> [Work required]: Every record must be restated exactly. Drop the images.
[Start of section]
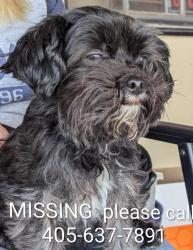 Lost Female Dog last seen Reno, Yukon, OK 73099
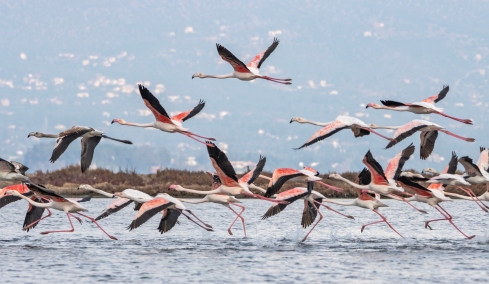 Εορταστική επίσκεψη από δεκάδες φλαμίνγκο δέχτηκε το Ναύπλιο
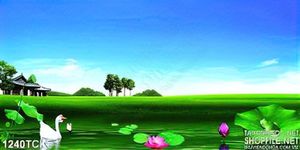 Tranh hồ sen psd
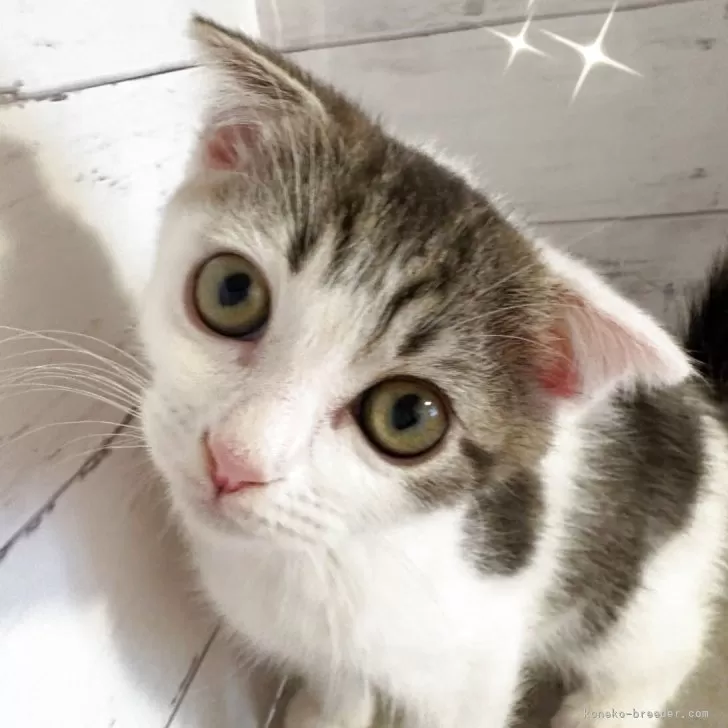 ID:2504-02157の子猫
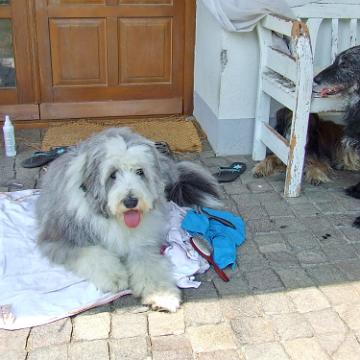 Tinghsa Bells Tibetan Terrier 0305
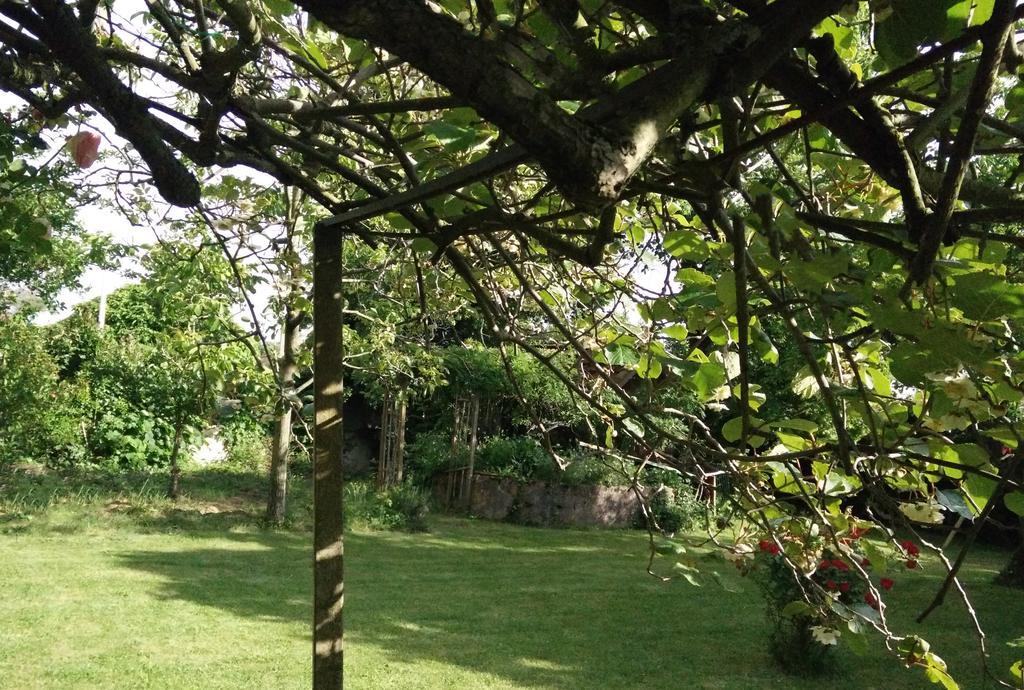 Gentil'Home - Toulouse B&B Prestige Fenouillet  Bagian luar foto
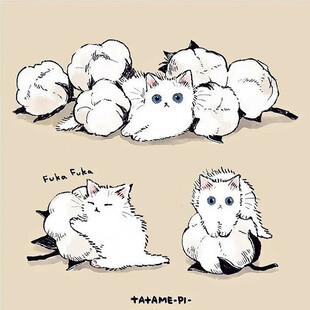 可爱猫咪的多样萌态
[End of section]
> [Finished exercise]:
 Lost Female Dog last seen Reno, Yukon, OK 73099
 Εορταστική επίσκεψη από δεκάδες φλαμίνγκο δέχτηκε το Ναύπλιο
 Tranh hồ sen psd
 ID:2504-02157の子猫
 Tinghsa Bells Tibetan Terrier 0305
 Gentil'Home - Toulouse B&B Prestige Fenouillet  Bagian luar foto
 可爱猫咪的多样萌态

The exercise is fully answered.